O que nos leva à segunda reflexão apresentada por Melatti. Para a presidenta do CFESS, ainda há o fato de o Serviço Social ser majoritariamente formado por mulheres, sofrendo também o machismo e o sexismo da sociedade. “Afinal, segundo a Pesquisa Nacional por Amostra de Domicílio Contínua (PnadC), realizada pelo IBGE (2022), mulheres recebem 21% menos que os homens. Isso impacta também na nossa profissão”, reforça a presidenta.

Gomes complementa: “Como dizem as professoras de Serviço Social, Mirla Cisne e Silvana Mara, ‘o selo de identidade profissional do feminino’. Isso quer dizer que essa sociedade espera qualidades natas atribuídas às mulheres, boas, cuidadosas, que atuam com o ‘coração’. Apesar do processo histórico de renovação da profissão, de mudança teórica, ética e política, mesmo tendo conquistado a inserção na divisão sociotécnica do trabalho, o Serviço Social ainda é considerado como de ajuda. Consequentemente, há uma desvalorização que se expressa na remuneração, na não condição de trabalho necessária para desenvolver as intervenções nas políticas públicas a partir das dimensões do Serviço Social Contemporâneo”, defende.

Argumento também apresentado pela assistente social e Doutora em Política Social (PPGPS/UFES) Leila Menandro, atualmente cursando o pós-doutorado. Ela traz, por exemplo, os dados do recadastramento realizado em 2019 pelo CFESS e que registrou que o Serviço Social brasileiro permanece como uma profissão majoritariamente feminina (quase 93% das pessoas que responderam ao recadastramento se identificam com o gênero feminino). E outro dado importante apresentado neste levantamento é que 50,34% se autodeclararam como pretas/pardas/negras (CFESS, 2022).

“Levando em consideração que a sociedade capitalista é também patriarcal e racista, gênero e raça constituem uma peça do complexo quebra-cabeça que reflete a desvalorização da profissão no Brasil. Por um lado, temos que as profissões ligadas aos cuidados são atribuídas, historicamente, às mulheres por uma falaciosa condição natural, o que coloca o ato de cuidar como algo compulsório e gratuito; por outro, o racismo estrutural da sociedade normaliza a desvalorização da força de trabalho, sobretudo do grupo de pertença étnico-racial negra, naturalizando a exploração do trabalho dessas/es trabalhadoras/es”, explica Menandro.
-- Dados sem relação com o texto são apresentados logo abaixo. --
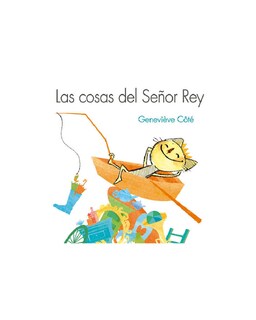 Foto 1 | Las Cosas Del Señor Rey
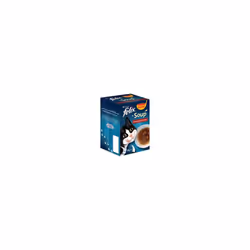 Felix Soup Farm Selection 6 pack - 48g - 590705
Como avalia Menandro, o gênero e a raça determinam os grupos que estão mais expostos ao desemprego, ao subemprego, ao trabalho mal remunerado e até mesmo não remunerado. “Se na dimensão da aparência, a desvalorização das profissões majoritariamente compostas por pessoas do gênero feminino e negras é compreendida como algo que ‘sempre foi assim’, é na dimensão da essência que observamos que são atividades socialmente necessárias e que garantem a reprodução da sociedade capitalista. O que parece trabalho ‘menos importante’ é, na verdade, fundamental para o funcionamento e para a manutenção do sistema.  

E ainda há um terceiro elemento, segundo a presidenta do CFESS, e que merece ser destacado. Porque apesar da pesquisa levar em consideração as remunerações do setor privado, há de se destacar o espaço de trabalho da maioria da categoria, que é no setor público. “Assistentes sociais estão no serviço público, em especial no executivo municipal e estadual, que possuem os salários mais baixos do funcionalismo público (comparado com o Legislativo e Judiciário)”, recorda Melatti. E ter uma referência salarial mais baixa, em comparação a outras profissões e outras autarquias, indiretamente influencia a remuneração no setor privado.
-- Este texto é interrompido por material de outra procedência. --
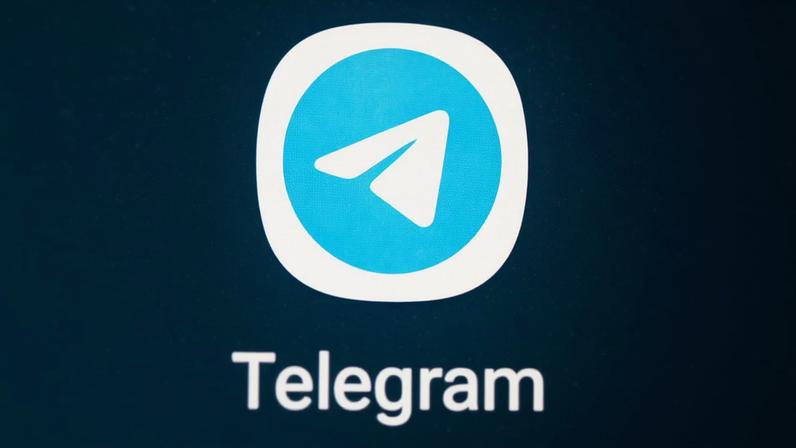 Telegram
Sobre esse assunto, Menandro também considera que, somado à questão gênero e raça, está o fato de que a profissão de Serviço Social tem um caráter interventivo nas expressões da questão social, mais precisamente sobre a população trabalhadora que enfrenta o desemprego, o trabalho precário e mal remunerado. “Em tempos de precarização das políticas sociais e da promoção de políticas e de ideias neoliberais – nas quais se enaltecem o individualismo, a meritocracia e a culpabilização dos pobres por sua condição – o Serviço Social tende a ser colocado, pela classe dominante e pelo Estado, em um lugar de pouca importância, embora saibamos que nesse momento somos ainda mais necessárias”, afirma.  

Mas o que se deve fazer a partir desta realidade? 

Na visão da agente fiscal Sislene Pereira Gomes, que concorda que, na sua gênese, o Serviço Social não possuía uma perspectiva crítica acerca da questão social, é fundamental recordar que essa perspectiva mudou. “Hoje avançamos e, nesse sentido, podemos e devemos questionar e enfrentar o conservadorismo reproduzido também no interior das profissões. Isso requer que a categoria se aproprie desse acúmulo teórico e ético-político articulado à organização política junto aos movimentos sociais organizados da sociedade”, pontua.

A presidenta do CFESS, Kelly Melatti, lembra que o Conjunto CFESS-CRESS tem a tarefa não só de orientar e normatizar, mas também de valorizar e defender a profissão, reforçando que são realizadas ações e elaboradas normativas que buscam essa valorização do trabalho de assistente social.

“Além de campanhas anuais do 15 de maio, Dia da/o Assistente Social, pela qual mostramos a importância do trabalho da categoria, há também ações regionalizadas, como a atuação dos CRESS em concursos públicos cujo salários estão abaixo de outras profissões de nível superior ou também abaixo do mercado de trabalho; assim como resoluções para garantir as condições éticas e técnicas do trabalho; bem como o acompanhamento de projeto de leis que tratam sobre o piso salarial de assistentes sociais. Sobre essa última ação, inclusive, lançamos uma websérie em vídeo para falar dos desafios que se é aprovar um piso salarial para a categoria”, destaca Melatti.

E essa luta por melhoria da remuneração de assistentes sociais, que vem sendo pauta do Conjunto CFESS/CRESS há anos, como apresenta Menandro, deve ser uma luta de todas e de todos que compõem a categoria.

“A fixação do piso salarial nacional é fundamental para que haja melhora na remuneração, e é preciso que o Conjunto permaneça pressionando os/as parlamentares. No entanto, o projeto de lei necessita passar pelos ritos do Congresso Nacional para ser aprovado e sabemos que, mesmo após virar lei, vai enfrentar difíceis obstáculos. Sendo assim, é necessária também a movimentação das/os profissionais nos seus locais e setores de atuação, divulgando a importância do trabalho que realizamos. No Brasil, diferentemente do que ocorre em outros países, a população confia na atuação de assistentes sociais e nos convoca para participar de suas batalhas diárias para acessar direitos. Precisamos, da mesma forma, convocar a população para se somar a nós na luta pela valorização do nosso trabalho”.